**Goal of the exercise**
What needs reproducing is the run of lines in the data below starting at the line with "сниму квартиру токмак: 1" and ending at the line with "KIT COXIM COM", both ends included. Copy it exactly, without pictures, and add nothing.

**Extracted information**

········

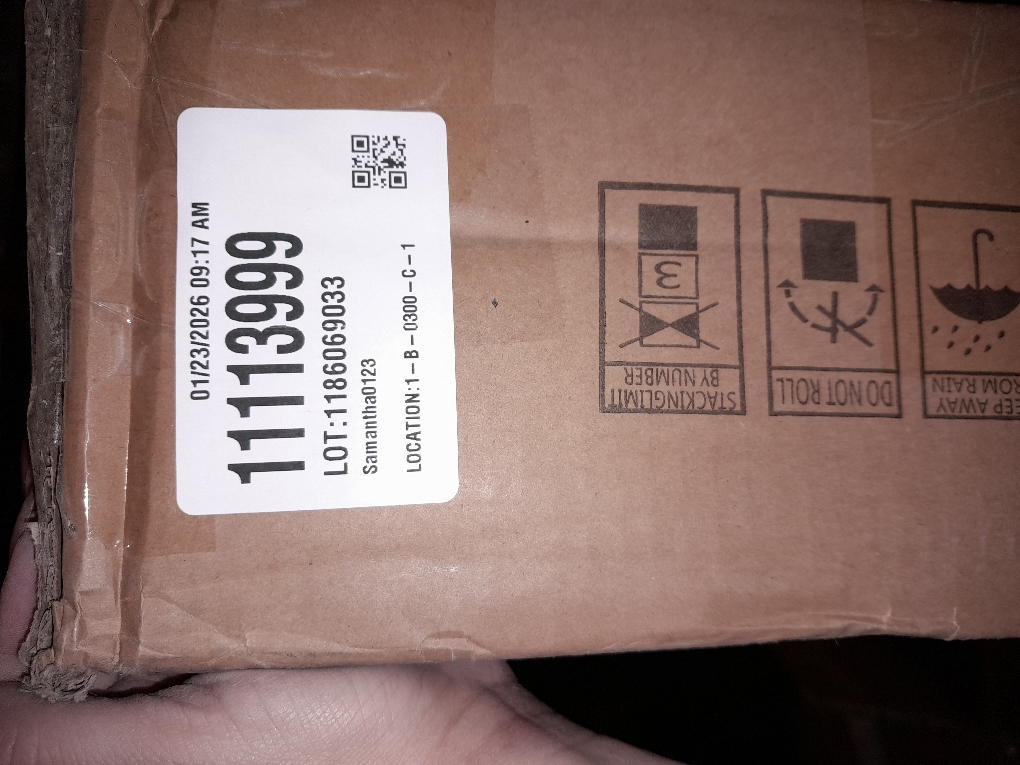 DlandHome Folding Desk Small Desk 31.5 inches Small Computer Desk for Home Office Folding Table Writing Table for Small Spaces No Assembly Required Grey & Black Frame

········

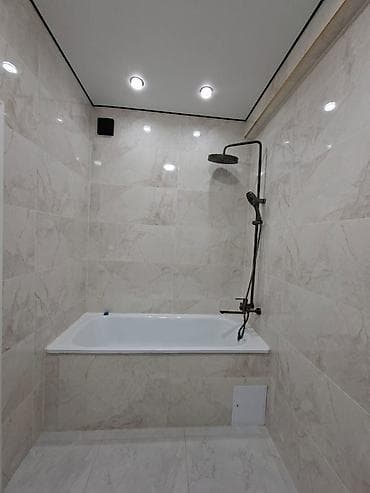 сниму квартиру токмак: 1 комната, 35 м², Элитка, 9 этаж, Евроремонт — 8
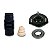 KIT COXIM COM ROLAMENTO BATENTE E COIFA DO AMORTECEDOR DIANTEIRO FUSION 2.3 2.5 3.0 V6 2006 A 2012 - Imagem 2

········

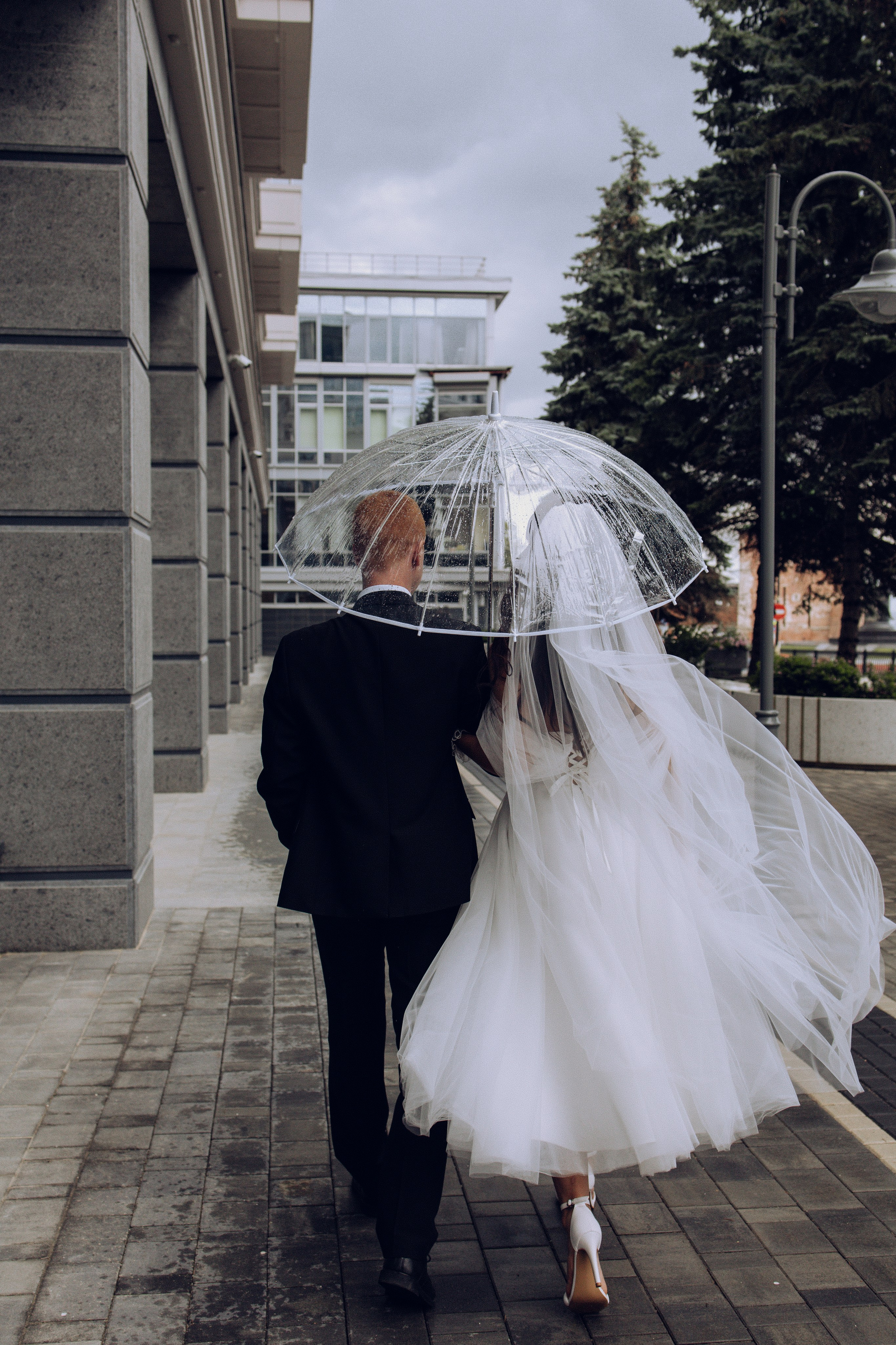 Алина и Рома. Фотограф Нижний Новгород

········

**Solved exercise**
 сниму квартиру токмак: 1 комната, 35 м², Элитка, 9 этаж, Евроремонт — 8
 KIT COXIM COM ROLAMENTO BATENTE E COIFA DO AMORTECEDOR DIANTEIRO FUSION 2.3 2.5 3.0 V6 2006 A 2012 - Imagem 2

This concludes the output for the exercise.